CSE316 Experiment 1-Solved

Basic LED matrix control with ATmega32: static and rotating display.

Fig. 1: 8x8 LED Matrix

Experimental Tools And Materials:

ATmega32, Red LED matrix, Push Buttons.

Experiment:

The experiment has the following parts.

●     First, you have to show a symbol in the LED matrix. The symbol will be assigned by the lab teachers. This is the static mode.

●     Second, you will left/right/up/down rotate the symbol. The direction will be assigned by the lab teachers. This is the rotating mode.

●     If the button is pushed, you have to toggle between static mode and rotate mode. You have to use Interrupt for that. The interrupt specs will be assigned by the lab teachers.

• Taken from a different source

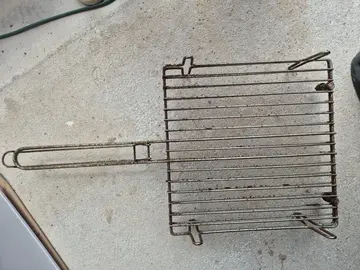 grille pour griller viande, poisson ou légumes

Your Specification: MC Experiment 2 - Individual Spec

You can connect the LED matrix to any of the ports of your choice.

LED Matrix Basics:

There are 8 pins in total to select which LED(s) we want to light up. 8 of the pins are used to select the row(s), while the remaining 8 pins are used to select the column(s) (The notion of row and columns are only artificial and depends on the way we consider the orientation of the LED matrix. Rotating the matrix by 90 degrees will alter the orientation. We will be using the default orientation of the Proteus).

Fig. 2: 8x8 LED matrix display and its internal structure

 Let’s say, columns pins are C1-C8 and row pins are R1-R8. Let’s name 64 LEDs as LED(row,column), e.g. LED(1,1)-LED(8,8).

If you want to light up LED(1,1), you have to connect C1 to HIGH and R1 to LOW.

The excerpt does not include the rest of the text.